Press "Enter" to skip to content

Review: On the Basis of Sex (2018)

On the Basis of Sex (2018)

Directed by: Mimi Leder

Premise: Based on true events. Ruth Bader Ginsburg (Felicity Jones) attends law school and establishes herself as an educator and an activist for gender equality. She represents the plaintiff in Moritz v. Commissioner of Internal Revenue, a case of sex discrimination against a man.

What Works: On the Basis of Sex is an enjoyable legal drama. The film hits all the right notes to satisfy the kind of crowd pleasing entertainment it’s intended to be and the anticipated audience, especially those who buy “Notorious RBG” merchandise, ought to get what they want from it. Many of the best scenes in On the Basis of Sex are its personal moments. Felicity Jones stars as Ruth Bader Ginsburg and Armie Hammer plays her husband Martin. Their relationship forms the emotional core of the story and Jones and Hammer have a likable romantic chemistry. Cailee Spaeny is cast as the Ginsburg’s teenage daughter Jane and the parent-child conflicts feel authentic. There is an interesting tension between daughter and mother; the film takes place in the 1970s and Jane is caught up in the second wave feminist movement. Jane’s passion for justice is frustrated with her mother’s more legal oriented mindset. The trajectory of the daughter-mother relationship gives the home life some substance and ties the domestic scenes with the main legal plot. Felicity Jones is quite good as Ruth Bader Ginsburg. She captures the voice and posture of a familiar public figure and makes her accessible. She’s also quite witty, especially when confronted with sexism, in a way that makes Bader Ginsburg a likeable protagonist.

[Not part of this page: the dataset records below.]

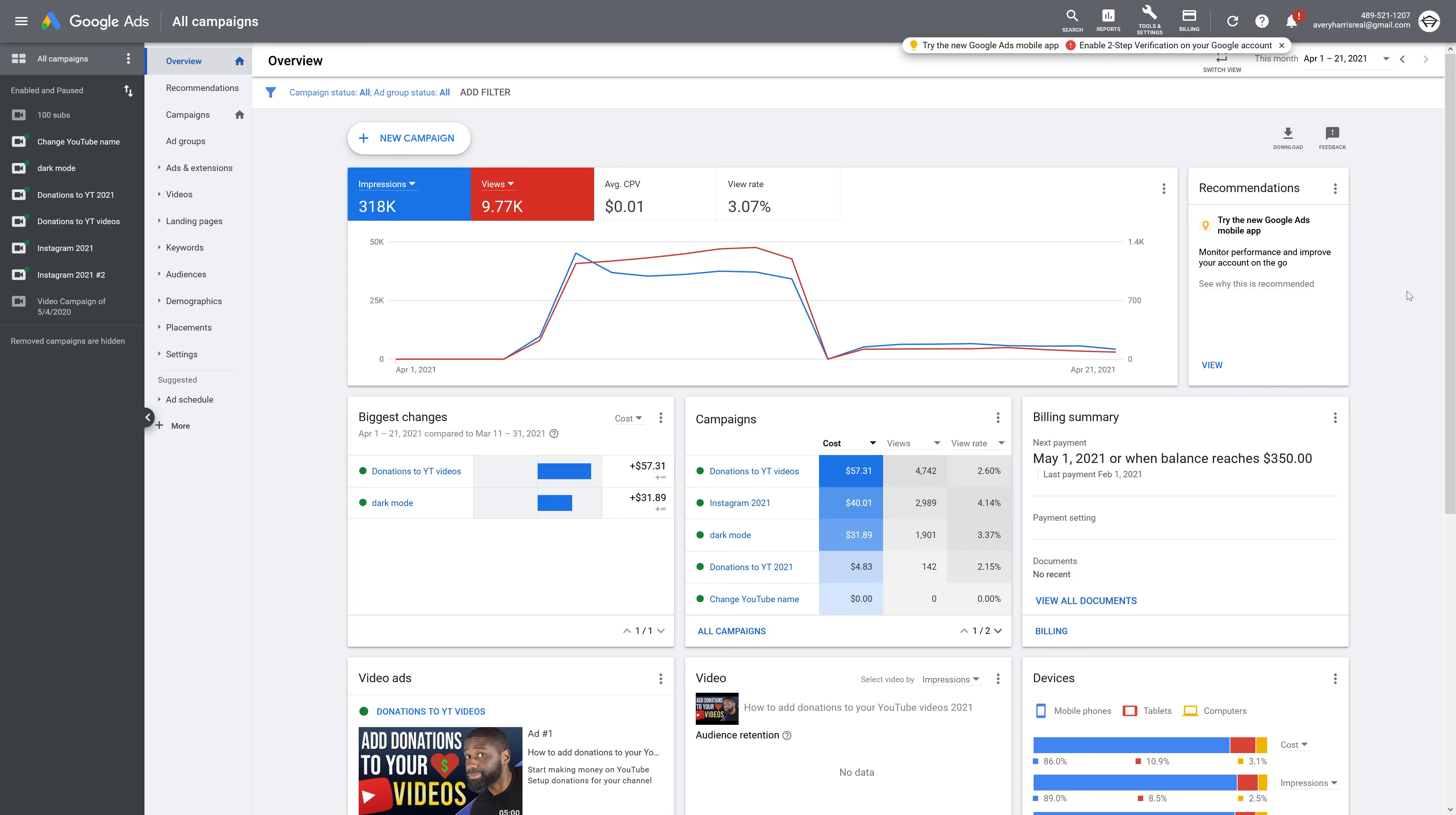And now the last thing I gotta do is pick a duration that I want these people to stay in this audience for. Automatically it stays at 30 days, but I can go as high as a year and a half, which is 540 days. What I want to do is keep an audience in here. Once they get in here, I want to keep them in here for at least six months. So I'm just going to go ahead and do 180 days.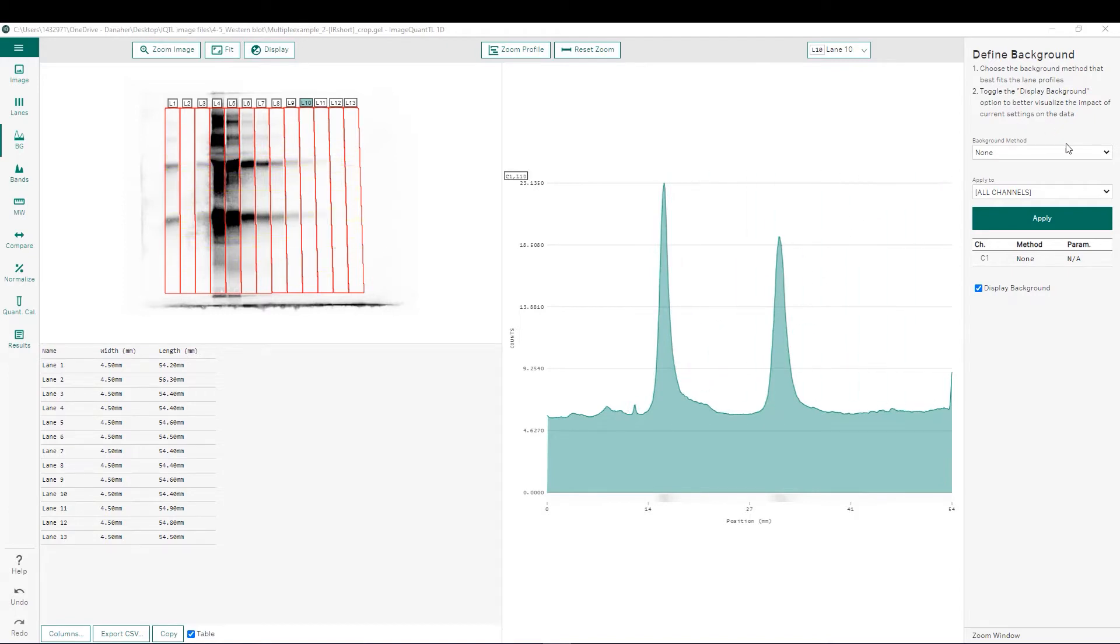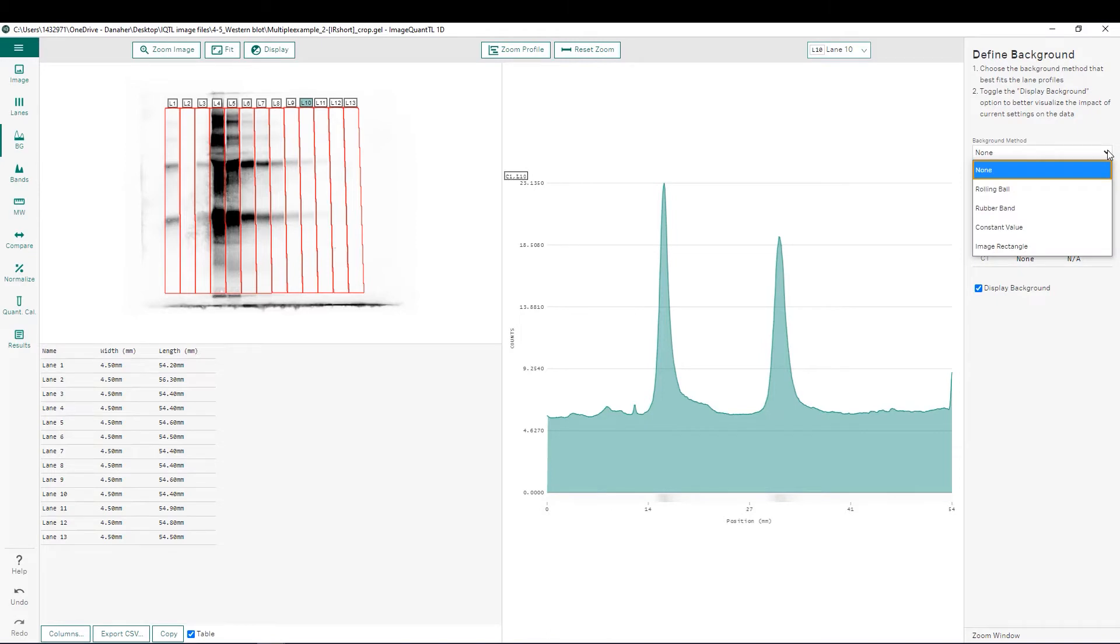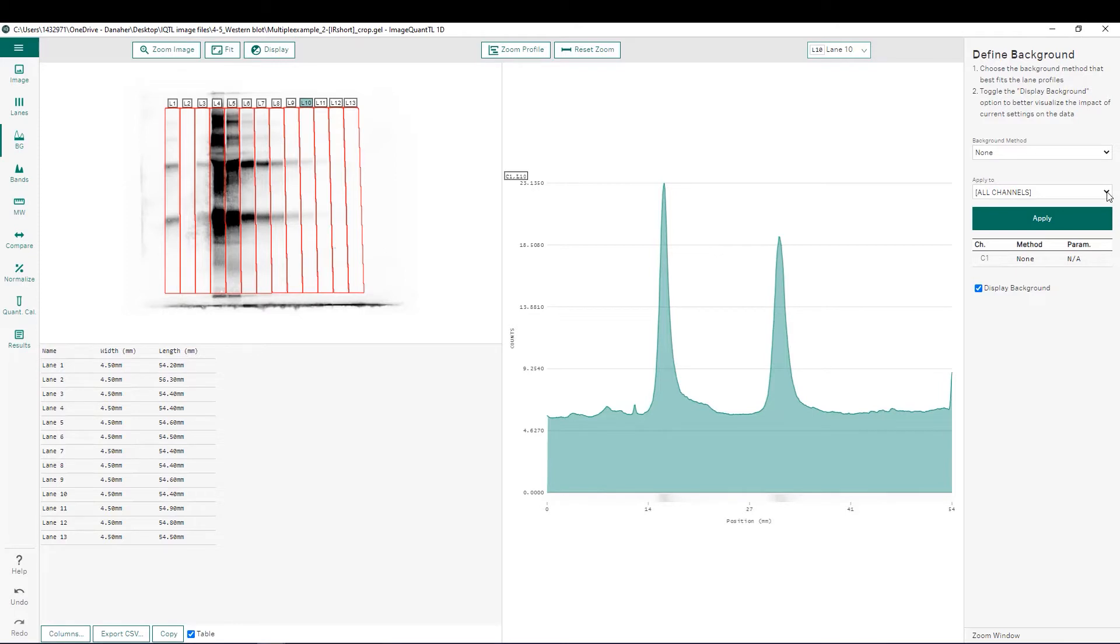To the right, we have a pulldown menu to choose which background subtraction method we would like to use. And we also have this pulldown menu if we were analyzing a multiplex image, you could choose which channels you'd like to apply the background subtraction to. Below this, we have a checkbox for displaying our background, which we will utilize to see what different background subtraction methods are doing to our image.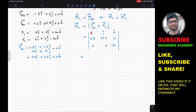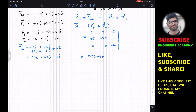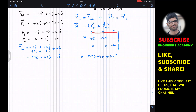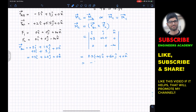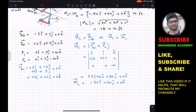Inserting into the determinant with r_BC = (3, 2.5, 0) and F2 = (0, 0, -20): i-component: 2.5×(-20) = -50i; j-component: -(3×(-20)) = +60j; k-component: 0k. The result is -50i + 60j + 0k — the same couple moment as before, confirming our answer.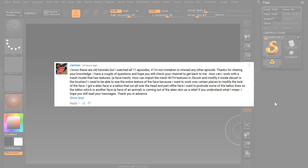Okay, so the basic question is, how do you import a model, and then how do you import a texture and apply the texture to the model?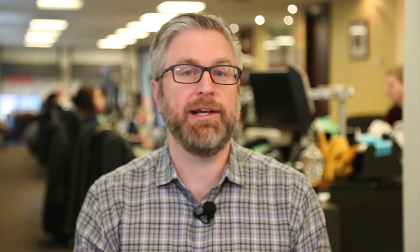Thanks for watching RDTV. If you enjoyed that, be sure to subscribe, and if you have any questions leave us a comment below or send us an email. You can also follow Rice Dairy on Facebook, Twitter, and LinkedIn. See you next week.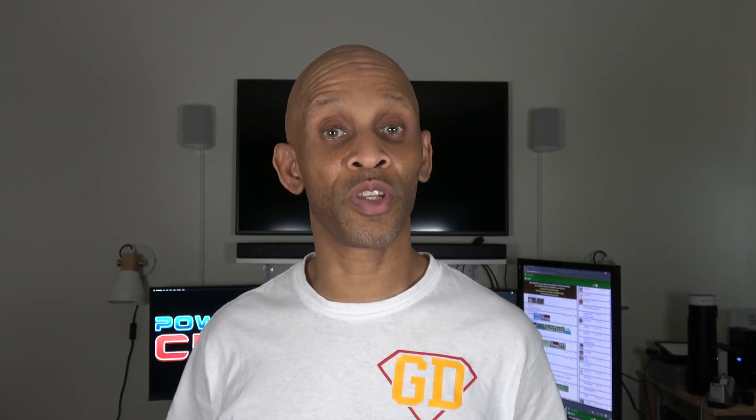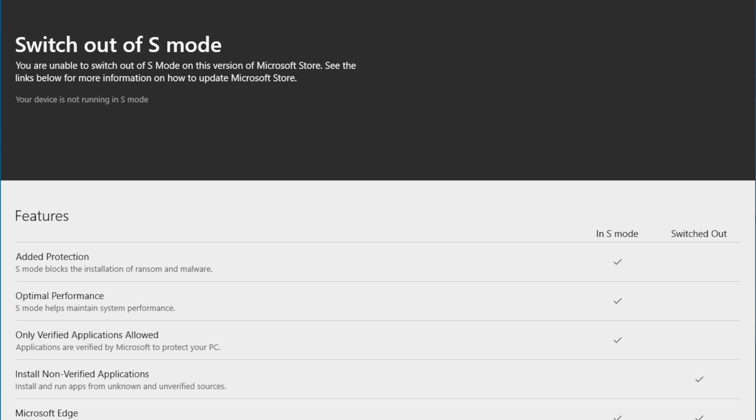If you already have a computer in S Mode, there is a way to get out of it and go to a regular Home or Pro version, depending on which version is running under S Mode. Go to the Windows Store and search for 'Switch out of S Mode,' then download that app to complete the switch. Be aware: once you do this, you cannot go back — it is not a reversible process.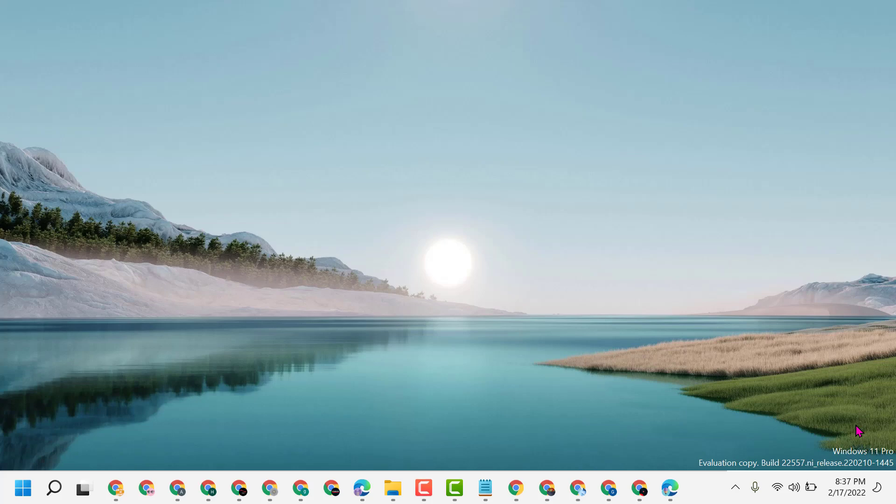Hello friends, today in this video I will show you how to show additional calendars in your Windows 11 taskbar.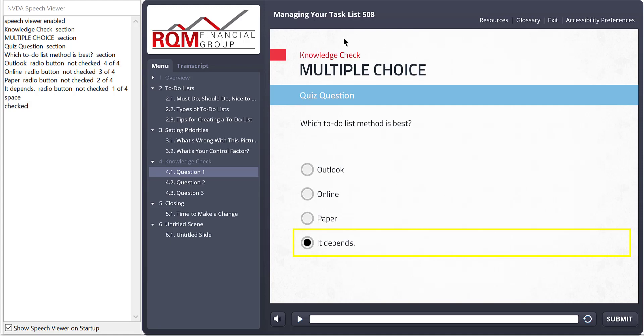However, auto-generated instructions for the JAWS screen reader said to use the arrow keys to make a selection. But you couldn't use the arrow keys to make a selection. So that caused a usability issue. Well, how does it work now?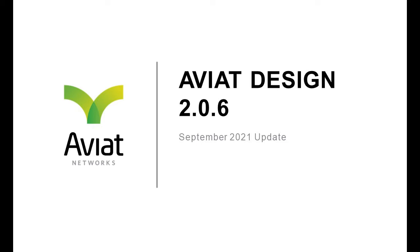Welcome to this Javier design video. In this video I will demonstrate how to calculate a link once the sites have been imported into a project.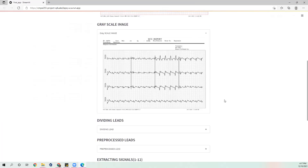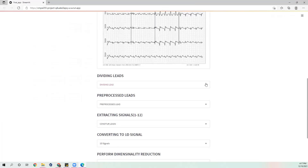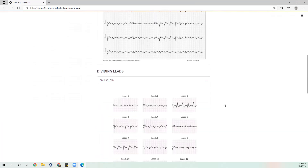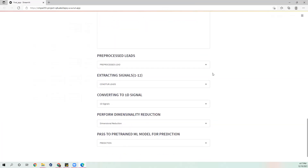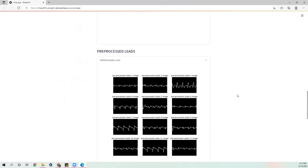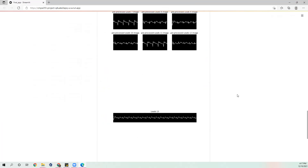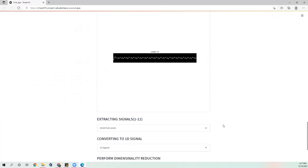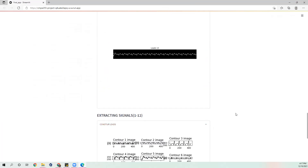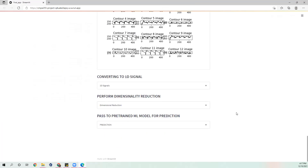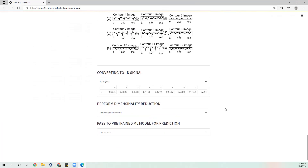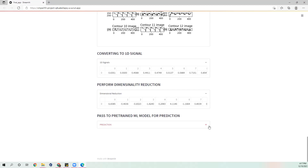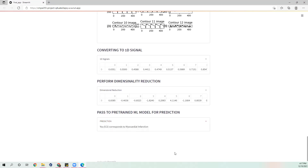Again, this is a grayscale image, then these are the different leads that we have, then our pre-processing steps. After dimensionality reduction, it says it's MI — myocardial infarction.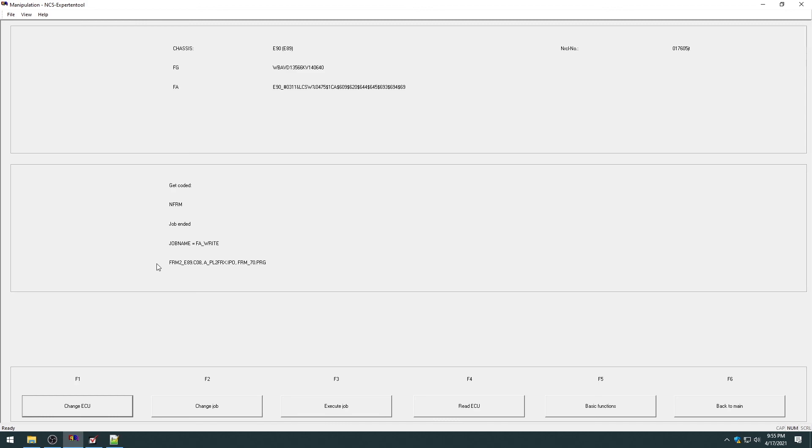So that's pretty much how you would use NCS expert. This is great for retrofitting modules, coding a factory, replaced module. Your FRM went out. You need to replace it. This is a very powerful and useful software suite, the two programs. And once you kind of get the hang of it, it's not that hard to do. So people will pay 100 bucks for someone, a coder, to go code something in. And then you can code something in in two minutes. So once you know how to use this software, you can save a lot of money. Well, this wraps up the second edition or second video I'm making in this BMW Center Tools series. If you have any questions, feel free to put in the comments. And make sure if you found this video useful, like and subscribe. Thank you.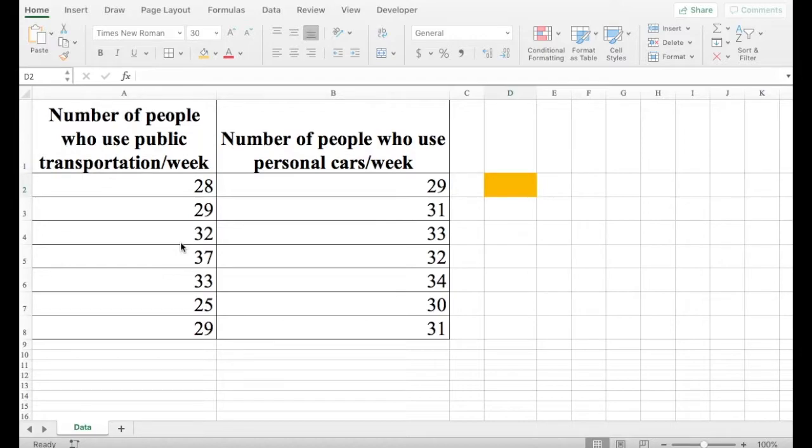So here in this example, we have the number of people who use public transportation in a week, and the number of people who use personal cars in a week.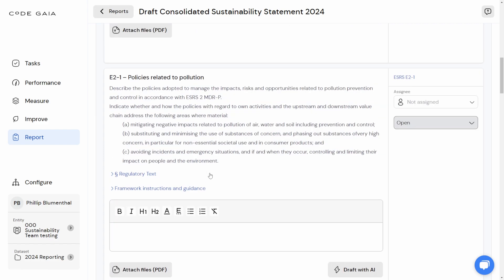Drafting this text from scratch might be quite time consuming, and it would also be frustrating for companies who already have policies which are adopted to manage these aspects. It seems somewhat inefficient to have to open up one's own company policy and, from scratch, write the text which summarizes that policy in your sustainability statement.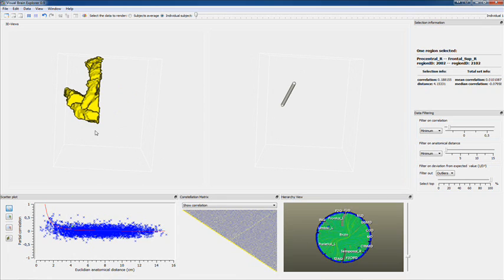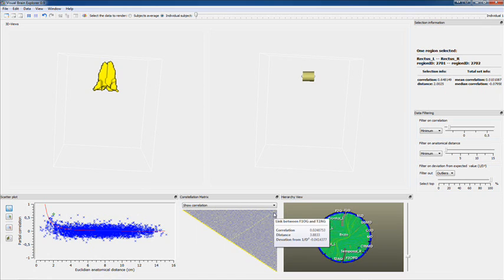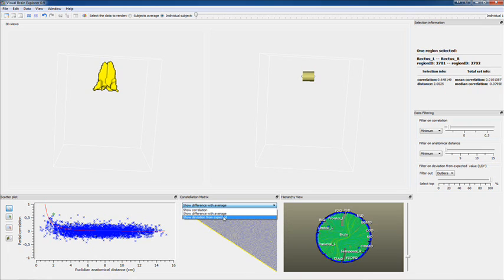This is left, right, left, right. These are the symmetrical regions which are shown here. That's why the symmetrical regions have a high correlation. That's why you see the yellow line here.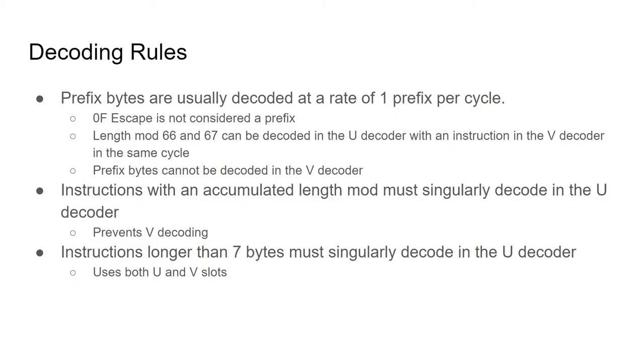Let's go over the decoding rules. This is a simplified rule set which we can use in the simulation. Prefix bytes can only be decoded at a rate of 1 per cycle. This means that an instruction with 3 prefix bytes will take a minimum of 4 cycles.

What Doesn’t: On the Basis of Sex is a bland and generally unchallenging biographical story. It smartly highlights a particular segment of Bader Ginsburg’s life and career but as a legal drama it is rather generic. There is little here that is really challenging. Sexism is generally presented as the fault of devious, backward men, embodied by Erwin Griswold, played by Sam Waterston. Griswold was the Dean of Harvard Law School during Bader Ginsburg’s time there and he was later Solicitor General of the United States during the Moritz case. As played by Waterston, Griswold comes across as a mustache twirling villain and that is the way in which On the Basis of Sex approaches sexism and gender discrimination. It’s all very obvious and trite.

Bottom Line: On the Basis of Sex is an average legal drama. The film tells its story competently and it will play to its intended audience but On the Basis of Sex doesn’t do anything especially interesting either as a biography or as a legal story.